About this exercise
From the line containing "Defy 225Ltr Metallic Top Freezer Fridge" to the last line of the records, reproduce every line exactly and print nothing else.

———

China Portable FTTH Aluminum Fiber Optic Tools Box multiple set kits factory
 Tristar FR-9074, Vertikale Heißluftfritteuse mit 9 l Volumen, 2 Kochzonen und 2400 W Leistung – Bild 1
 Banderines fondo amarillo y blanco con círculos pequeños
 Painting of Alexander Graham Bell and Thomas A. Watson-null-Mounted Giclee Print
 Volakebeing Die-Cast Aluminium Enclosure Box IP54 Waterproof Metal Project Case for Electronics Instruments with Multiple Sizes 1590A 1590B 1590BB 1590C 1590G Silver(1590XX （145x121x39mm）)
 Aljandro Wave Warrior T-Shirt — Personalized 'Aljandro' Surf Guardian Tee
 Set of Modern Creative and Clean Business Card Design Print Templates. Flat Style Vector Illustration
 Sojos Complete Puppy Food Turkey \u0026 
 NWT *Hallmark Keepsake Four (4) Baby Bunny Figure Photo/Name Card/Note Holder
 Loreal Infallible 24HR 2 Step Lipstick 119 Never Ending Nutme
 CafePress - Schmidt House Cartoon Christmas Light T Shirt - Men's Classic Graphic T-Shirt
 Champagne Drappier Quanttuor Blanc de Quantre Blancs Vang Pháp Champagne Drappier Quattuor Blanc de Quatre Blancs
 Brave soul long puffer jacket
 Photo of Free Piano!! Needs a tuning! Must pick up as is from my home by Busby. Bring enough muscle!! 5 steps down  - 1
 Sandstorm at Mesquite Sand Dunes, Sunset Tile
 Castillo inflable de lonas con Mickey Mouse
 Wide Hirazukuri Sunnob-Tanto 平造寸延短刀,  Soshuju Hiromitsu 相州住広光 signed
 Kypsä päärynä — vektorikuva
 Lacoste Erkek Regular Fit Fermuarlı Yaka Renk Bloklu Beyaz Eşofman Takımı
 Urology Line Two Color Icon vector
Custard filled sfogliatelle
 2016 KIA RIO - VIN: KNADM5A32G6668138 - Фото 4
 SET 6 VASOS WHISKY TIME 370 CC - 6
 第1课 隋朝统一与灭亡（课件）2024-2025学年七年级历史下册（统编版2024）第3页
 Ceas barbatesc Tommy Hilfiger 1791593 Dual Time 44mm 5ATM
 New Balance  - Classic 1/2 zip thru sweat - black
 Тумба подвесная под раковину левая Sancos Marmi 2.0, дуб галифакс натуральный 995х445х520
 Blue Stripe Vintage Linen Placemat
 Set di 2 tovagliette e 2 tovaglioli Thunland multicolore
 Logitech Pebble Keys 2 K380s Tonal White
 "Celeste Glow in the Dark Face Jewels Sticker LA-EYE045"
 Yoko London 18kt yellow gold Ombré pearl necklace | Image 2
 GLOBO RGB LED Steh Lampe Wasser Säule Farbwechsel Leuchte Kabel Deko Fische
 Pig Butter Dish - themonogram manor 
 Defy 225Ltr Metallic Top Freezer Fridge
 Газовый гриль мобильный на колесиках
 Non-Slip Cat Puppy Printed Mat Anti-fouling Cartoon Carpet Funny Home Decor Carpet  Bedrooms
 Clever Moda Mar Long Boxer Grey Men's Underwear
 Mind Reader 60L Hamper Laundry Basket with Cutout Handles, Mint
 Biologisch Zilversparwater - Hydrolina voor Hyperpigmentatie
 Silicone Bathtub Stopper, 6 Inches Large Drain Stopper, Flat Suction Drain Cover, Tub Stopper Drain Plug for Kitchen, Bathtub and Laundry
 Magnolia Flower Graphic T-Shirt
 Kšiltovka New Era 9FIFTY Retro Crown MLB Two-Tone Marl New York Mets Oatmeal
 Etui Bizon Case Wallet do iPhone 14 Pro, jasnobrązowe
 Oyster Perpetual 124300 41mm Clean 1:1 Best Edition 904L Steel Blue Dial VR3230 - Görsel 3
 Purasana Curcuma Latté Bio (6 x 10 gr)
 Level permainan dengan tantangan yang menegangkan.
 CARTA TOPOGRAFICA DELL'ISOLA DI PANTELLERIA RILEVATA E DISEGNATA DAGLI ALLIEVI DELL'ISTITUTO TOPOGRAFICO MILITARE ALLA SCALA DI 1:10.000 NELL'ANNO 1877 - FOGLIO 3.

———

Solution to this task
 Defy 225Ltr Metallic Top Freezer Fridge
 Газовый гриль мобильный на колесиках
 Non-Slip Cat Puppy Printed Mat Anti-fouling Cartoon Carpet Funny Home Decor Carpet  Bedrooms
 Clever Moda Mar Long Boxer Grey Men's Underwear
 Mind Reader 60L Hamper Laundry Basket with Cutout Handles, Mint
 Biologisch Zilversparwater - Hydrolina voor Hyperpigmentatie
 Silicone Bathtub Stopper, 6 Inches Large Drain Stopper, Flat Suction Drain Cover, Tub Stopper Drain Plug for Kitchen, Bathtub and Laundry
 Magnolia Flower Graphic T-Shirt
 Kšiltovka New Era 9FIFTY Retro Crown MLB Two-Tone Marl New York Mets Oatmeal
 Etui Bizon Case Wallet do iPhone 14 Pro, jasnobrązowe
 Oyster Perpetual 124300 41mm Clean 1:1 Best Edition 904L Steel Blue Dial VR3230 - Görsel 3
 Purasana Curcuma Latté Bio (6 x 10 gr)
 Level permainan dengan tantangan yang menegangkan.
 CARTA TOPOGRAFICA DELL'ISOLA DI PANTELLERIA RILEVATA E DISEGNATA DAGLI ALLIEVI DELL'ISTITUTO TOPOGRAFICO MILITARE ALLA SCALA DI 1:10.000 NELL'ANNO 1877 - FOGLIO 3.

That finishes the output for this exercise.